Discussion in 'music' started by Tony L, Jul 15, 2022.

  1. ToTo Man

    ToTo Man the band not the dog

    This is exactly what the Bryan Adams 'Reckless' MFSL UDCD sounds like, all of the attack from the snare drum etc has been removed, - a bizarre mastering decision! :confused:
     
  2. Tony L

    Tony L Administrator

    I’ve just played it and I still don’t agree, entirely. I suspect what you are hearing is the sampled and retriggered kick-drum (‘Wendel’), which is ‘on’ pretty much every note of the bass line and I suspect even though it is a very tight over-damped ‘clicky’ kick drum still has enough of a note to the skin to impact the bass guitar a bit. I’m prepared to bet muting that kick sample would make you absolutely happy with the pitch and timing of the bass guitar.

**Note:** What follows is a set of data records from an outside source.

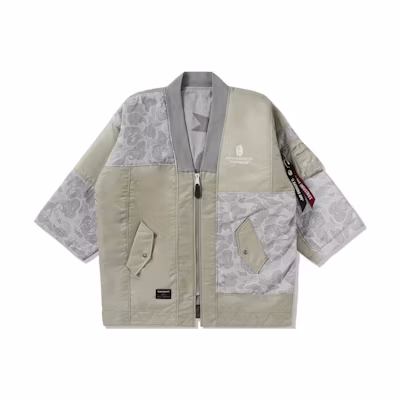 BAPE Alpha Industries FW23 Patchwork Zip Kimono Jacket Unisex Gray. 0ZXLJM140903L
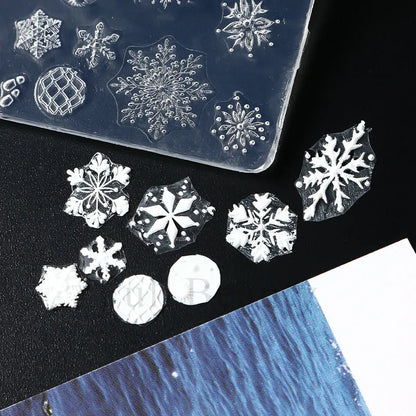 1PC 3D Silicone Snowflake Nail Carving Mold Flower Lace Mould Stamping Plate Nails Stencils DIY Manicure Accessory Tools LAG-212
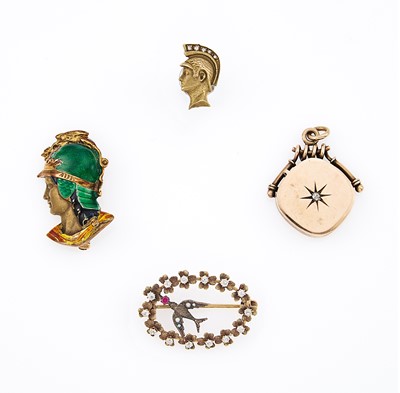 Lot 2118 - Group of Antique and Period Gold, Enamel, Diamond and Gem-Set Pins and Gold-Filled Fob Pendant
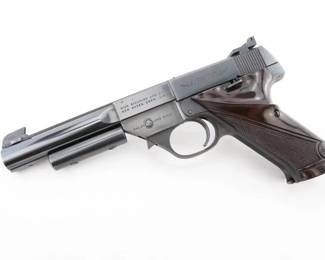 Make: High Standard
Model: Supermatic
Caliber: .22 LR
Action: Semi
Barrel: 5.5
Bore: Bright
Serial # 387204
Condition: Great
This classic High Standard Supermatic .22LR, dating from the early 1960s, delivers exceptional semi-automatic performance with a detachable magazine and precision sights ideal for competitive marksmanship. Renowned for its crisp trigger and robust construction, it featured in regional shooting competitions, underscoring its role in mid-century American sporting history. A collectible example of refined engineering, it remains a prized piece for enthusiasts and collectors alike. Please see photos.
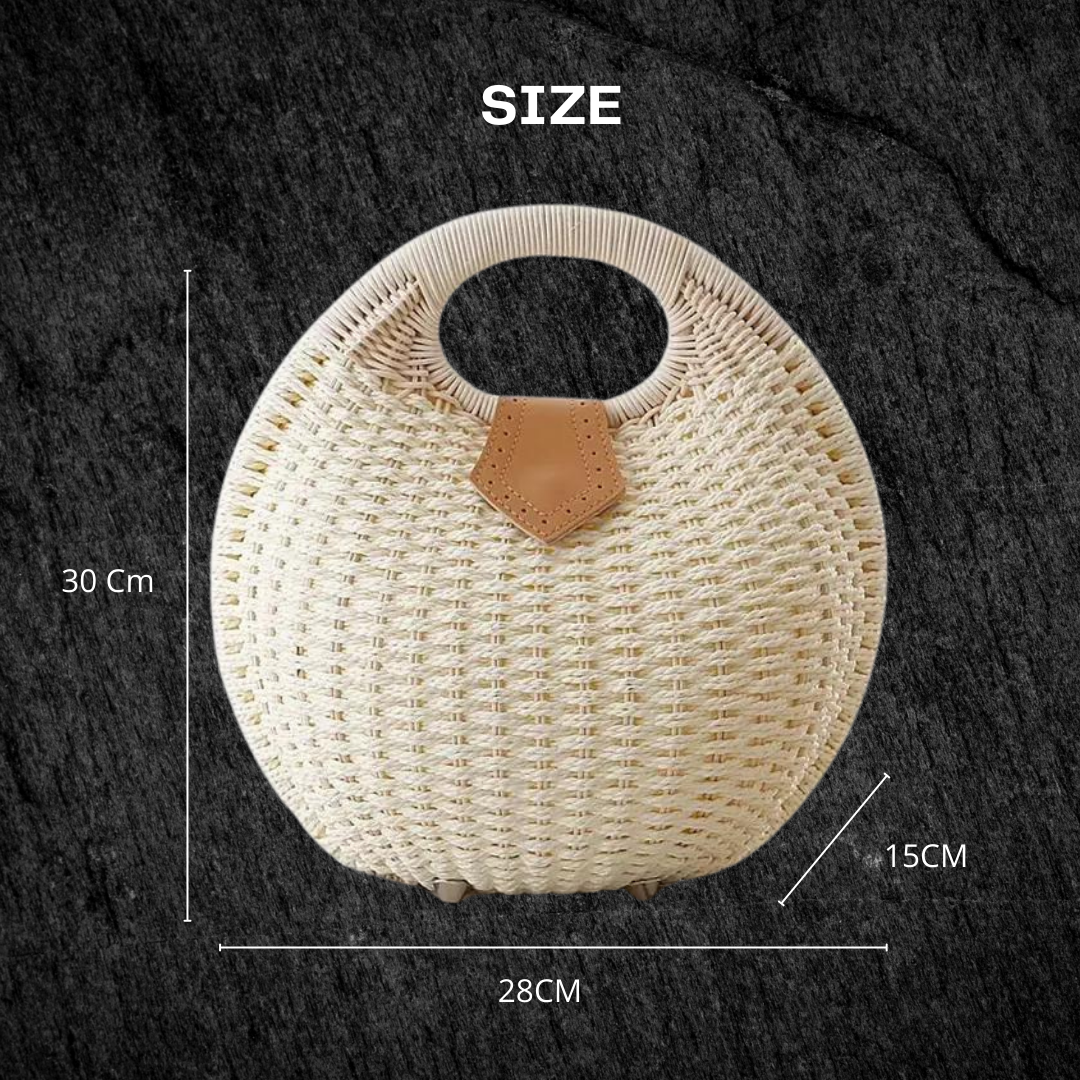 Round Woven Summer Straw Beach Tote - Women's Handbag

    PS I do think they over-used their new toy on this track and would far prefer it with just live drums. To have access to that level of top session drummer and still use a machine is just bizarre! I think Nightfly is the same, but it seems better integrated.
     
    Nytechy likes this.
  3. ToTo Man

    ToTo Man the band not the dog

    Thinking aloud...

    If One Step lacquers are good for 1,000 pressings before a replacement needs to be cut from the DSD master, wouldn't you be more than a little pissed if you received pressing #999 instead of pressing #1,001?

    The above is, of course, a contrived scenario as lacquer wear happens gradually and the policy of discarding it after X number of pressings may not be set in stone but...

    Who decides when a lacquer is exhausted and how is this decision arrived at?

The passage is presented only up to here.